SAFECO INSURANCE COMPANY OF AMERICA, PLAINTIFF,
v.
M.E.S., INC., ET AL.,
DEFENDANTS.



The opinion of the court was delivered by: Ross, United States District Judge

NOT FOR PRINT OR ELECTRONIC PUBLICATION

OPINION & ORDER

On July 30, 2009, plaintiff Safeco Insurance Company of America ("Safeco" or "plaintiff") filed a complaint in the instant case against defendants M.E.S., Inc., M.C.E.S., Inc., and George Makhoul (collectively, "MES defendants"), and defendants Hirani Engineering & Land Surveying, P.C. ("Hirani Engineering"), Hirani/MES JV, Jitendra S. Hirani, and Sarita Hirani (collectively, "Hirani defendants" and, together with MES defendants, "defendants"). The complaint asserts multiple claims arising from written Indemnity Agreements among the parties. Presently before the court is Hirani defendants' motion for reconsideration of the court's March 22, 2011 Order, Dkt. No. 161, denying Hirani defendants' motion for modification of the court's December 30, 2010 Order, Dkt. No. 148. For the reasons set forth below, Hirani defendants' motion is denied.

BACKGROUND

The court presumes familiarity with the background set forth in its March 22, 2011 Order. Dkt. No. 161 at 1-8. As stated there, the financial condition of Hirani defendants was a critical issue before the court when it ruled upon defendants' motion for a stay pending appeal of the court's November 22, 2010 Order. In the December 17, 2010 Order granting defendants' motion, the court noted that Hirani defendants had failed to submit adequate documentation regarding their finances; however, based upon the documentation submitted by Safeco, the court determined that Hirani defendants had sufficient assets to post a $1 million bond pending appeal. Thus, the court ordered Hirani defendants to post that bond prior to the issuance of the stay.

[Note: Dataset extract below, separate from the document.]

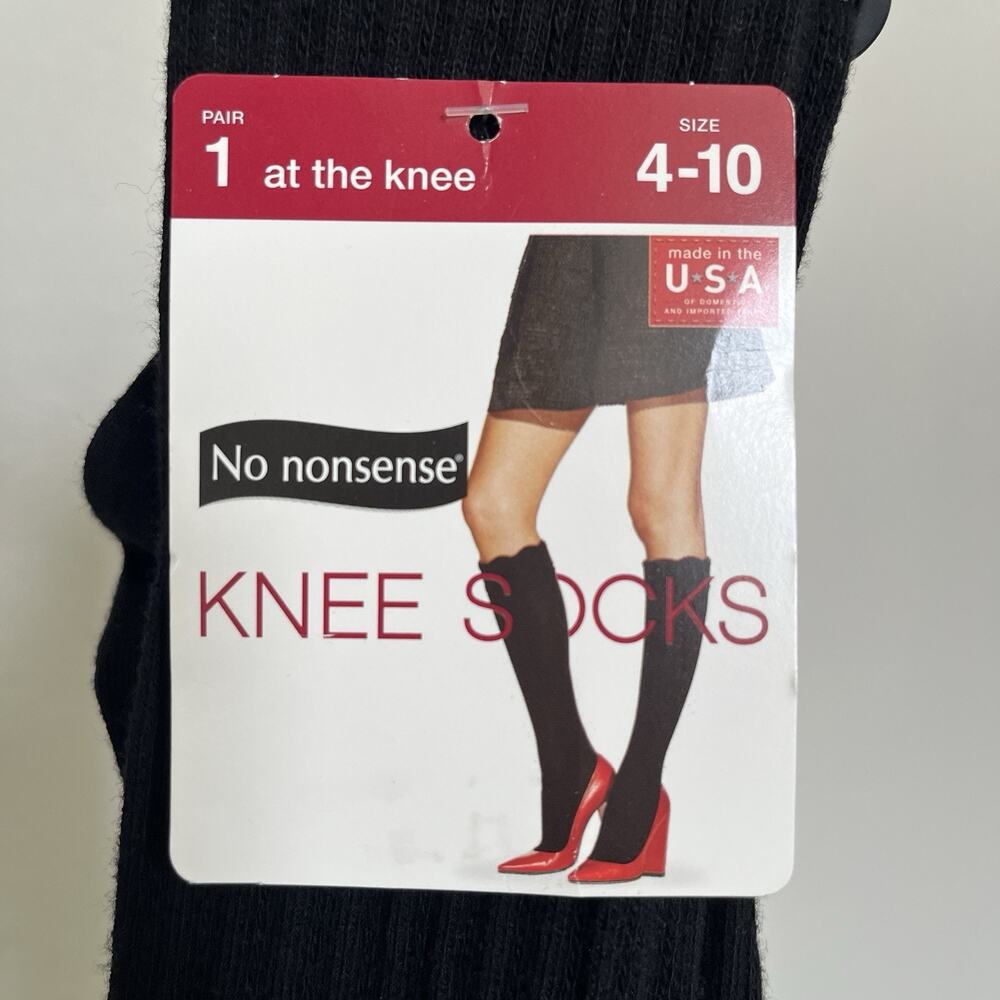 No Nonsense Black Tipped Scalloped Knee Socks size 4-10 cotton blend, 1 pair NWT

On December 28, 2010, Hirani defendants asked the court to reconsider the amount of the $1 million bond set in the court's December 17 Order on the grounds that they were financially incapable of posting such a bond. That day, the court held a telephone conference regarding Hirani defendants' motion. At that conference, the court stated:

I think I ought to start by noting that the entire manner in which the Hirani defendants have handled the issue of the stay in this case, I have found extraordinarily frustrating. When the stay was first sought in early December, at a time when it was clear that the central issue relating to the stay or the circumstances of the stay or the conditions of the stay related to the defendants finances and the defendants' ability or inability to secure a bond or other collateral, the papers that I received from the Hirani defendants discussed only the individual defendants finances. They make absolutely no reference at all to the financial situation of Hirani Engineering . . . . And [Hirani] defendants omitted that evidence, notwithstanding that the burden . . . was . . . on Hirani [defendants] to establish a real limitation on [their] ability to post security. And it was only after I then relied on financial information provided to me by Safeco that Hirani [defendants are] claiming that [they are] not in a position to post a million dollar bond. I mean even now, there is no affirmative statement of what [Hirani] defendants could do. There is simply an assertion that Hirani Engineering can't post as much as one million dollars because it would be necessary to have a million dollars in cash and it doesn't have a million dollars in cash.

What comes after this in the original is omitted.